I was alone, freezing, my only company the moon and the frigid air scraping my nostrils with every measured inhale.

Think, Percy, think. He was taking us one by one. Where to I didn't know. But he clearly wanted to separate us, probably to make easier targets. I was sure of one thing. On the train Nico had called me a hypnotizer and said I'd been alive a thousand years, which I still didn't understand, but I could tell he was angry with me in particular. I was his main target. He would be back for me.

So I did what I was best at– following the first crazy plan that came to my head.

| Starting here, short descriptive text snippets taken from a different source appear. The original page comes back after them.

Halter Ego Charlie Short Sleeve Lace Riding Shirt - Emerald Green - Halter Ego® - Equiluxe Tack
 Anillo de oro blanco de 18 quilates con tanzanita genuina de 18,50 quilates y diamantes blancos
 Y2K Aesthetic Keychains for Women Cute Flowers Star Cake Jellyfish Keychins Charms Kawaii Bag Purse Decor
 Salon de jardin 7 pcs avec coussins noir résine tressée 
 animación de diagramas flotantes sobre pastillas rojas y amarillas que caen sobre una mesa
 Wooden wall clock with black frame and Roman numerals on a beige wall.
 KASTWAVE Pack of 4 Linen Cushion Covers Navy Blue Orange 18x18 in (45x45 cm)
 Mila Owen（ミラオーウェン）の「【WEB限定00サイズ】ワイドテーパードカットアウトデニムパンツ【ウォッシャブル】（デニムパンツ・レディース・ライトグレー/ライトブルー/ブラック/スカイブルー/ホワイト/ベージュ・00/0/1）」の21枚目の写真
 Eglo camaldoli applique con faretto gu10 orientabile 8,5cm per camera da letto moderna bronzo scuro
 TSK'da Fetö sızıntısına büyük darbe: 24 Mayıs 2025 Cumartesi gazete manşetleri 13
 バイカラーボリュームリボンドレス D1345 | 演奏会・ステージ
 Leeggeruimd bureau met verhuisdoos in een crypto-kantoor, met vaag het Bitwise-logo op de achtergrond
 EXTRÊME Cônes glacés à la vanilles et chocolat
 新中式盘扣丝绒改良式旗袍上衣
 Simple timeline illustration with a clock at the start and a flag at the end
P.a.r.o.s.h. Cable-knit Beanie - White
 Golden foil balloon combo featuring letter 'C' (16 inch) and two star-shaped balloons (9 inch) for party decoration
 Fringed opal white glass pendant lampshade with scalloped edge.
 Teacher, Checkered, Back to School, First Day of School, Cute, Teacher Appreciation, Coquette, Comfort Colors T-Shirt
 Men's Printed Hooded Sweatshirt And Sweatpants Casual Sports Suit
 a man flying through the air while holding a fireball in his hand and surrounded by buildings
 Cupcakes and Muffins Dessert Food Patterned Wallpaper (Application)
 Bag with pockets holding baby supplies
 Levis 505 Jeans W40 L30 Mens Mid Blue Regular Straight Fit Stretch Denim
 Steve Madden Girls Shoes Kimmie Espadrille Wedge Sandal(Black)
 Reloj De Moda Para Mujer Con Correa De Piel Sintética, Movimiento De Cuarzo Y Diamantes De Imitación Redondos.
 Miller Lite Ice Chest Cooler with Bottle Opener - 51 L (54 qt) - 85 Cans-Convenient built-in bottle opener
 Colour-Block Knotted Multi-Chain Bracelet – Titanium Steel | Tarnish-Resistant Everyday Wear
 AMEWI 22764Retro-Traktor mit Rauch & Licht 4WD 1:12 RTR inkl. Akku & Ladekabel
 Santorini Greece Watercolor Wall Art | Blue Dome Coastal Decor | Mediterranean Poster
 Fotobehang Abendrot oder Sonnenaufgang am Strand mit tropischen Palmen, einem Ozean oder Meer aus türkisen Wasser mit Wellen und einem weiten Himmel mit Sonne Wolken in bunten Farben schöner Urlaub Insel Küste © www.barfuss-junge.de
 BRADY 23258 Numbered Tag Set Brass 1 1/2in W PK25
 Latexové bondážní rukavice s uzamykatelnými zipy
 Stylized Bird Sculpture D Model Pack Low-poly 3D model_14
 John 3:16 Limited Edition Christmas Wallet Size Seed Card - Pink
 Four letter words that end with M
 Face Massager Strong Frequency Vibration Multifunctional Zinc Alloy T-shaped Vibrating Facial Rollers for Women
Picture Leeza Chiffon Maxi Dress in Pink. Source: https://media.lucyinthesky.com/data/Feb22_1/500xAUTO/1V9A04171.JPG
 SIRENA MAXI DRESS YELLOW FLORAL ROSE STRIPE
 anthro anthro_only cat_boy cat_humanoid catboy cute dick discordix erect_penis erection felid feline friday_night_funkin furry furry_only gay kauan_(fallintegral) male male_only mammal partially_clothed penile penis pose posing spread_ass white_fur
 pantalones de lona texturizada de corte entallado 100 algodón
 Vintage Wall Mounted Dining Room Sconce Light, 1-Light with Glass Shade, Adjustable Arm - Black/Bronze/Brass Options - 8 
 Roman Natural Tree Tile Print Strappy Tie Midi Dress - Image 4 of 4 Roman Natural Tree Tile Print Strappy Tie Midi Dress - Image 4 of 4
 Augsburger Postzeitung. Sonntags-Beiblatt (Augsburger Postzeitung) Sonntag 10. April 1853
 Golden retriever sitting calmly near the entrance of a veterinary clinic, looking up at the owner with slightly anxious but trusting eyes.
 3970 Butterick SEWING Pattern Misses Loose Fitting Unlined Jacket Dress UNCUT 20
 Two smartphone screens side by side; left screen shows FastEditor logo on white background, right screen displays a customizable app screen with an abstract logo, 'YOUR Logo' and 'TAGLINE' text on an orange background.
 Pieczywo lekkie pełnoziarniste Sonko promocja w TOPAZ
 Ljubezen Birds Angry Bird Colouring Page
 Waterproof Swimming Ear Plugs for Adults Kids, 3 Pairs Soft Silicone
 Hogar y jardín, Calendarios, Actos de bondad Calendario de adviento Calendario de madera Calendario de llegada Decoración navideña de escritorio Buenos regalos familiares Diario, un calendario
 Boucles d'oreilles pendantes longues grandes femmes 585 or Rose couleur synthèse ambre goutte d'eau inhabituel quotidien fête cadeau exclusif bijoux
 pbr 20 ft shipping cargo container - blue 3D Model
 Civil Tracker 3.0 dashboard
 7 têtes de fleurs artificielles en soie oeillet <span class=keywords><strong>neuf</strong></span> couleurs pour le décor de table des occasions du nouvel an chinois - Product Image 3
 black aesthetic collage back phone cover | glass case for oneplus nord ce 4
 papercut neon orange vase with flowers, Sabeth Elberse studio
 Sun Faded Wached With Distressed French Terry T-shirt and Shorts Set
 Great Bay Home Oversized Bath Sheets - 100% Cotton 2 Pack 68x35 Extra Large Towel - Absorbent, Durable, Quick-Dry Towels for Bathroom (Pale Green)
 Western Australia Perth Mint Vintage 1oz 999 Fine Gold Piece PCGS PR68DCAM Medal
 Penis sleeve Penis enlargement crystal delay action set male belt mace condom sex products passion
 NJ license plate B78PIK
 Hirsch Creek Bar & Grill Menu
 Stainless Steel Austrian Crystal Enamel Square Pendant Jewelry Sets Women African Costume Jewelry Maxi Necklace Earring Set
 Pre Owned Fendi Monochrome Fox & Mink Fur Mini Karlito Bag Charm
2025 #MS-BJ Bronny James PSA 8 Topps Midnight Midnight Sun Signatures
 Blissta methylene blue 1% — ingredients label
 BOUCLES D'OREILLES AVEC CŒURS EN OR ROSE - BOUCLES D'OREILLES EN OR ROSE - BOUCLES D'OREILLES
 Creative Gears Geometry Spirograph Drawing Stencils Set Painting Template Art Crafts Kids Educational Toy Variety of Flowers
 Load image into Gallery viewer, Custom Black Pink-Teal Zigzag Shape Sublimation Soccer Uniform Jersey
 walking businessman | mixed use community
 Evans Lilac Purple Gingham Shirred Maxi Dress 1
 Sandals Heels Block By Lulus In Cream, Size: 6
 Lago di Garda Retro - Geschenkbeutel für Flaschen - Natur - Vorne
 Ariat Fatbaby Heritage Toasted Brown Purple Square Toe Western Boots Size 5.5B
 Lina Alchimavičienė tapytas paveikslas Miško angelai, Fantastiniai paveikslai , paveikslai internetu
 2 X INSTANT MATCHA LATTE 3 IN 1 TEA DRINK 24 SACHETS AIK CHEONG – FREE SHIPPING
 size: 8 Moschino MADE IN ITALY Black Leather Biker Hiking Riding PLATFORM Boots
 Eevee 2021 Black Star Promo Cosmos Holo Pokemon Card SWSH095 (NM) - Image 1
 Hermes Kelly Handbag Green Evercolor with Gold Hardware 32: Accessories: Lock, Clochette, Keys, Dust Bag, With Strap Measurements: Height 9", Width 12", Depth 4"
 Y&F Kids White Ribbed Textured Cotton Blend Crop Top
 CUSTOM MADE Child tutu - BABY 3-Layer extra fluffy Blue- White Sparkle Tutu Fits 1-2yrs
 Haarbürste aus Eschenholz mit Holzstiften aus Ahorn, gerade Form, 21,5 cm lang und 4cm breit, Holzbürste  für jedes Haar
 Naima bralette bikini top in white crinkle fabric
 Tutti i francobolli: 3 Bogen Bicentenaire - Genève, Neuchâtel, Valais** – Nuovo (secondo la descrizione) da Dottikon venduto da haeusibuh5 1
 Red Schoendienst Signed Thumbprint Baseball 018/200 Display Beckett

I rushed to the walls of snow and began shoveling it with my arms. Once I had as much as I could carry I threw it in a pile in the middle of the road. Like the Daemons with their snowmen, I smashed the pile until it was a thin blanket on the ground. Then, using the body heat from my hands, I melted as much as I could into water.

With a bit of concentration, I could keep the water from refreezing. So I sat criss-cross applesauce in my puddle and waited.

I never thought I'd be thankful for playing prisoner in The Competition, but without that experience I never would've been able to sit still long enough to wait until the hands grabbed my ankles and hauled me straight down.

I knew the trip wouldn't be long. So as soon as I realized what was happening I hurled my surprise gift at Nico.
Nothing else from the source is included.